▸ **EXERCISE DETAILS**
Shown below are entries with pictures; the line with "Waterverf Heart Merci" through the line with "NOLLEY'S sophi" is the span to retype exactly, and the pictures stay out.

** RECORDS FOR PROCESSING follows **

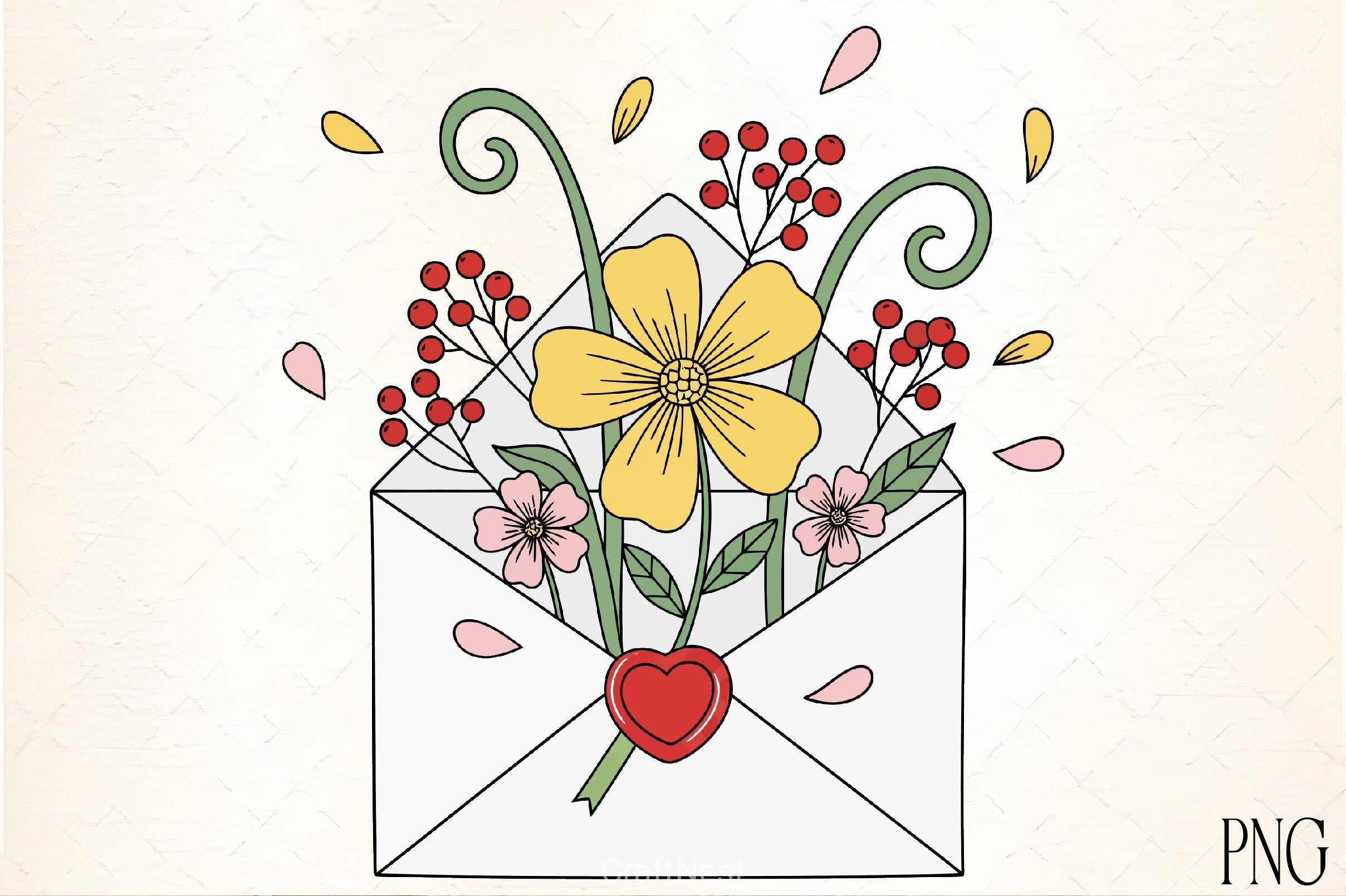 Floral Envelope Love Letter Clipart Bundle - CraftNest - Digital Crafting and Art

** End of RECORDS FOR PROCESSING **
** RECORDS FOR PROCESSING follows **

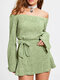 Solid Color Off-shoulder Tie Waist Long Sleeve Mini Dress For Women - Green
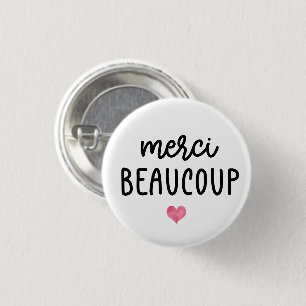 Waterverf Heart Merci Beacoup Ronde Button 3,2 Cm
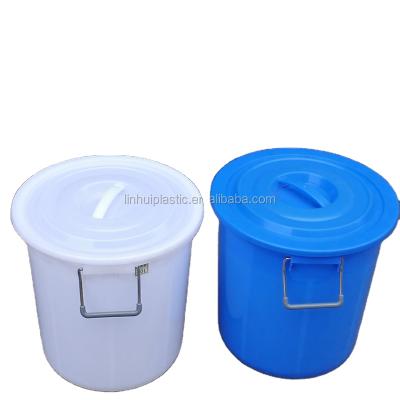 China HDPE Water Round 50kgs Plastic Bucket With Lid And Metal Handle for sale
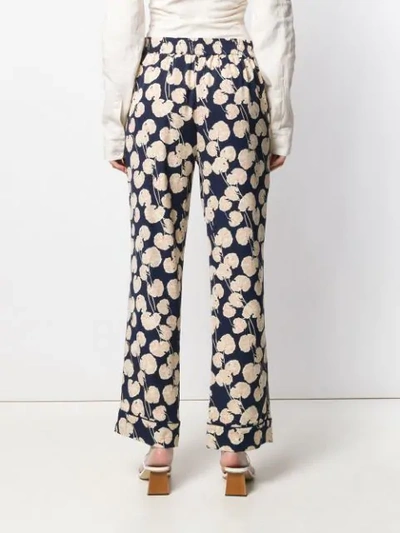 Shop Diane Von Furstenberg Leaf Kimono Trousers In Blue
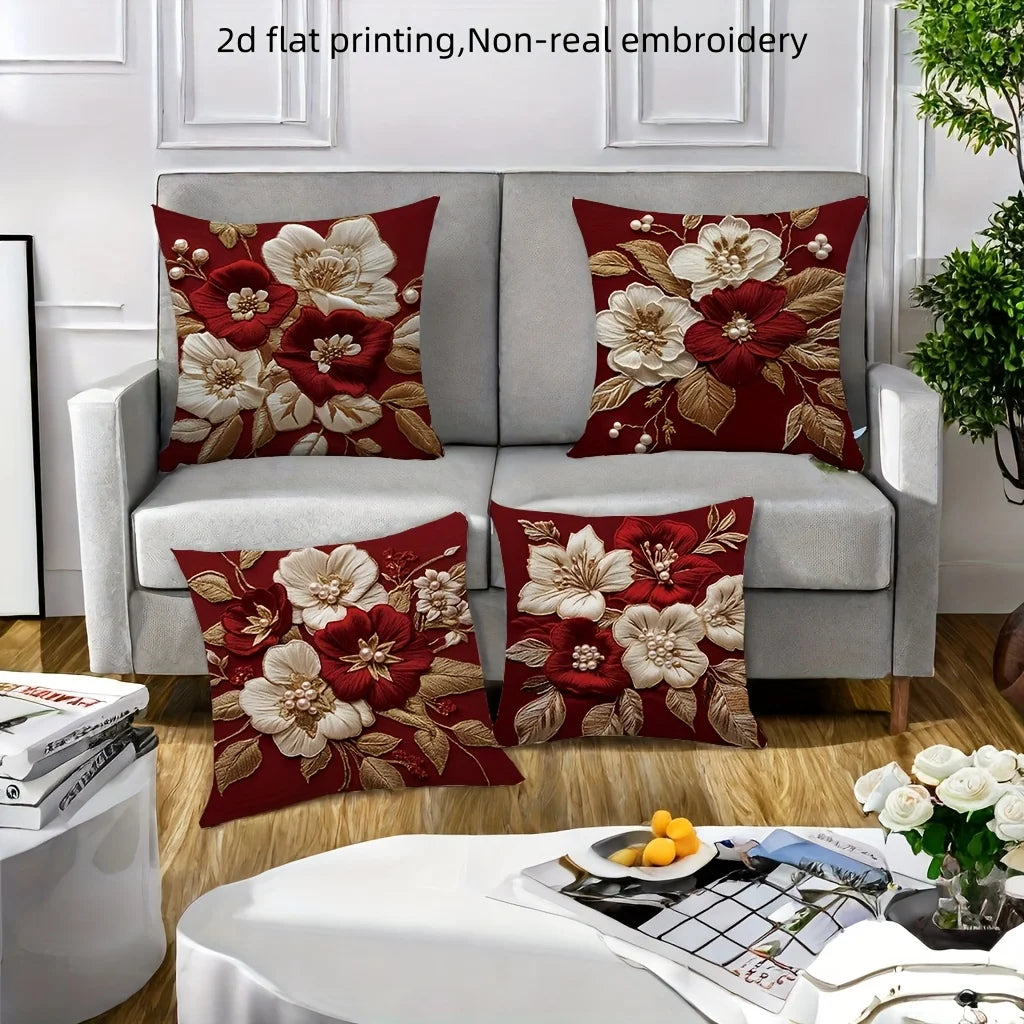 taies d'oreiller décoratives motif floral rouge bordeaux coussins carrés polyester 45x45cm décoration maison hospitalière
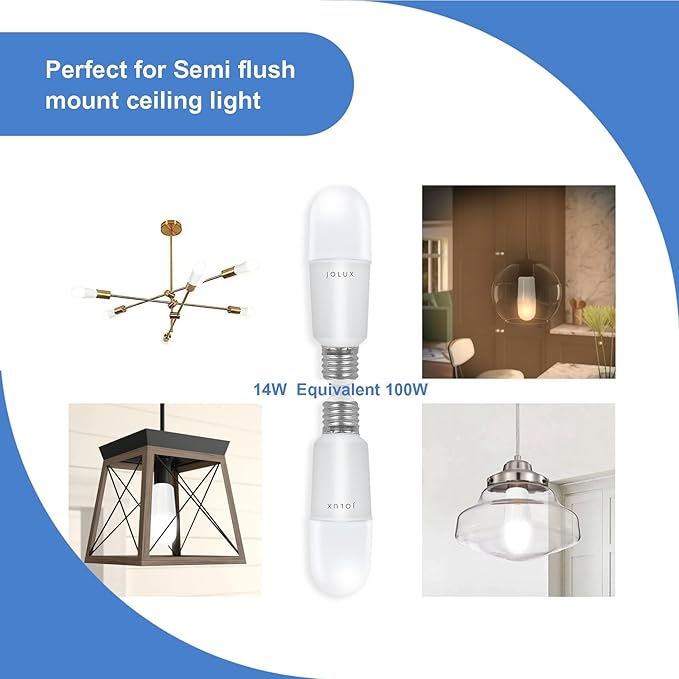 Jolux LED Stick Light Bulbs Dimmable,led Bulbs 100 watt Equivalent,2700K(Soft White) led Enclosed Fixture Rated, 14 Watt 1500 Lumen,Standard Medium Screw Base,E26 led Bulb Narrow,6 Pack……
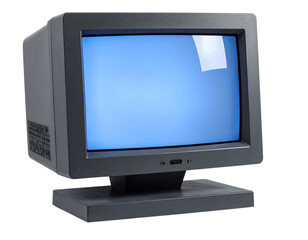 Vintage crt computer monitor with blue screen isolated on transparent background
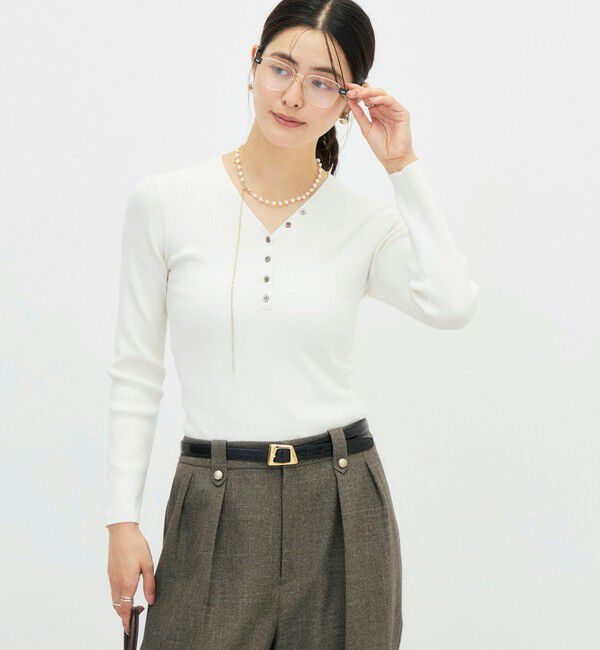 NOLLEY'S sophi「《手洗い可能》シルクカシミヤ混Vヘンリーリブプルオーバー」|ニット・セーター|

** End of RECORDS FOR PROCESSING **
** RECORDS FOR PROCESSING follows **

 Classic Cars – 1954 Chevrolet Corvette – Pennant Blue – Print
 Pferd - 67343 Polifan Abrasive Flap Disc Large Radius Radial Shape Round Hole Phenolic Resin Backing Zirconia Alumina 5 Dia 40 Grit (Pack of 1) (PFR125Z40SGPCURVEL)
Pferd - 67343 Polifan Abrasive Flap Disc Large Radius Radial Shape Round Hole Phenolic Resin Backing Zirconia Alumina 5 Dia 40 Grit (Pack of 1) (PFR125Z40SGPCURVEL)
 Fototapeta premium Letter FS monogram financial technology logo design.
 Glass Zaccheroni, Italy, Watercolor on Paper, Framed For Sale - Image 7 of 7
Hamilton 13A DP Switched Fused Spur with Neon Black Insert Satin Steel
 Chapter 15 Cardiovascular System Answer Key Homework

** End of RECORDS FOR PROCESSING **

▸ **OUTPUT FOR THIS EXERCISE**
 Waterverf Heart Merci Beacoup Ronde Button 3,2 Cm
 China HDPE Water Round 50kgs Plastic Bucket With Lid And Metal Handle for sale
 Shop Diane Von Furstenberg Leaf Kimono Trousers In Blue
 taies d'oreiller décoratives motif floral rouge bordeaux coussins carrés polyester 45x45cm décoration maison hospitalière
 Jolux LED Stick Light Bulbs Dimmable,led Bulbs 100 watt Equivalent,2700K(Soft White) led Enclosed Fixture Rated, 14 Watt 1500 Lumen,Standard Medium Screw Base,E26 led Bulb Narrow,6 Pack……
 Vintage crt computer monitor with blue screen isolated on transparent background
 NOLLEY'S sophi「《手洗い可能》シルクカシミヤ混Vヘンリーリブプルオーバー」|ニット・セーター|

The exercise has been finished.